Mar 4, 2015 · 1 minute

Smartphones should come with health warnings, according to a study from the University of Derby, which examined the relationships consumers form with their pocket computers.

The study was informed by 256 self-selected smartphone users who responded to an online survey. That is an admittedly small sample from which conclusions can be drawn. But it seems to do little besides confirm what some have already suspected: people can be addicted to their smartphones, and the devices can encourage narcissistic behaviors.

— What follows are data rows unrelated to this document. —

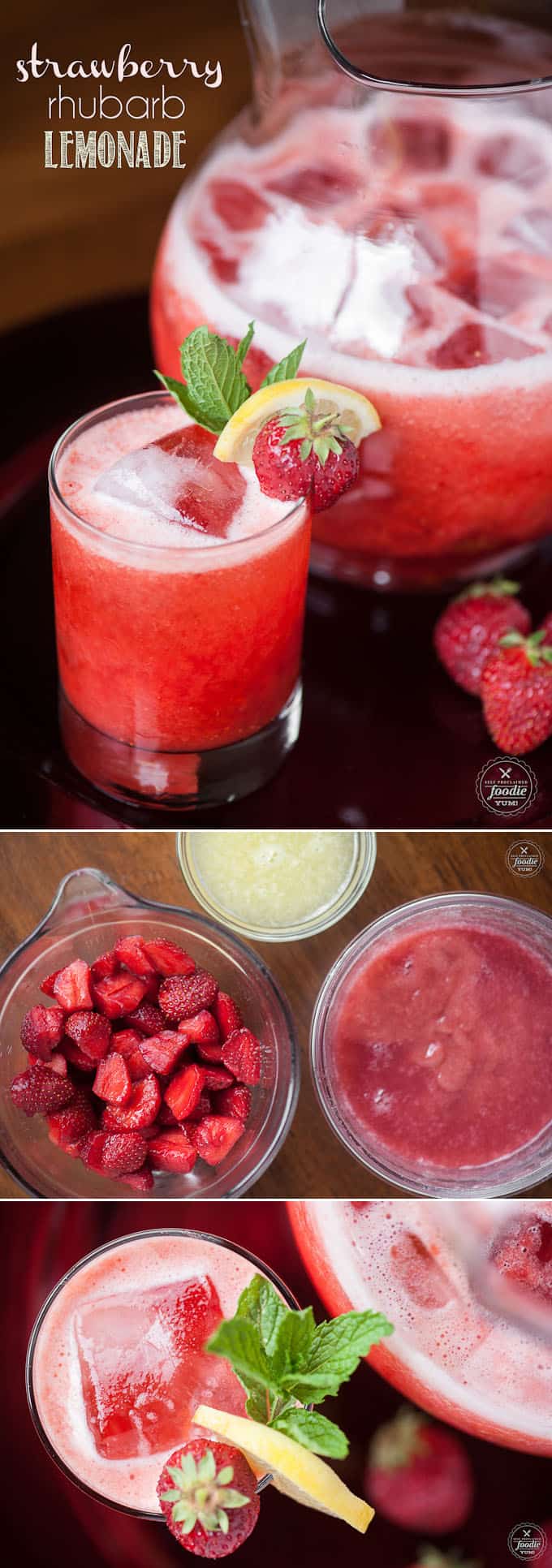 Strawberry Rhubarb Lemonade is perfectly sweet and equally tart. Freshly squeezed lemon blended with fresh strawberries and a homemade rhubarb simple syrup is the ultimate kid friendly summer drink and will quench any thirst. Add a splash of vodka or your favorite booze for an adult-only version! #lemonade #strawberry #rhubarb #strawberryrhubarb #strawberryrhubarblemonade
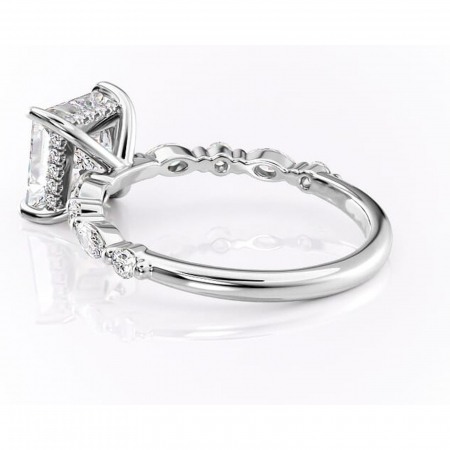 Inel de logodnă Gwendolyn din aur Alb 14kt cu moissanite tăietură princess – Pietre laterale rafinată pentru profil înalt | Personalizează și configurează gratuit online [4]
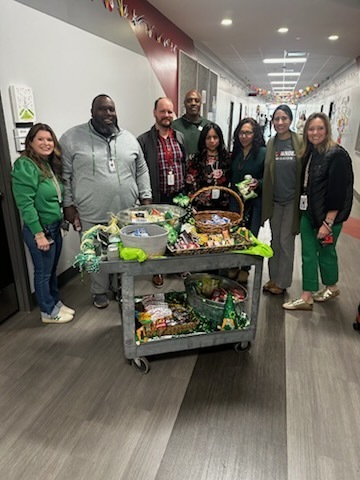 Admin with Foreign Language and  ELA teachers and the Whoop Whoop Wagon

According to the study, 13 percent of respondents were addicted to their smartphones, which was linked to higher narcissism scores and neuroticism levels. It later adds:

Three themes of social relations, smartphone dependence and self-serving personalities emerged from the qualitative data. Interpretation of qualitative data supports addiction specificity of the smartphone. It is suggested smartphones encourage narcissism, even in non-narcissistic users.
So what does this mean for consumers? According to Dr. Zaheer Hussain, adding warning labels to smartphones and the apps that run on them might help. As he told the Guardian:
'People need to know the potential addictive properties of new technologies,' he said. 'It [the warning] could be before they purchase them or before they download an app. If you’re downloading a game such as Candy Crush or Flappy Bird there could be a warning saying that you could end up playing this for hours and you have other responsibilities [that could be neglected].'
This is not as far off a suggestion as it might seem on the surface. Warning labels are on everything from cigarettes (did you know they're bad for you?) to children's toys (don't let little Mikey swallow this Lego brick). Might as well stick 'em on a phone's packaging, too, just to confirm what most already suspect. Humans are vulnerable creatures and the world of material things is out to get us.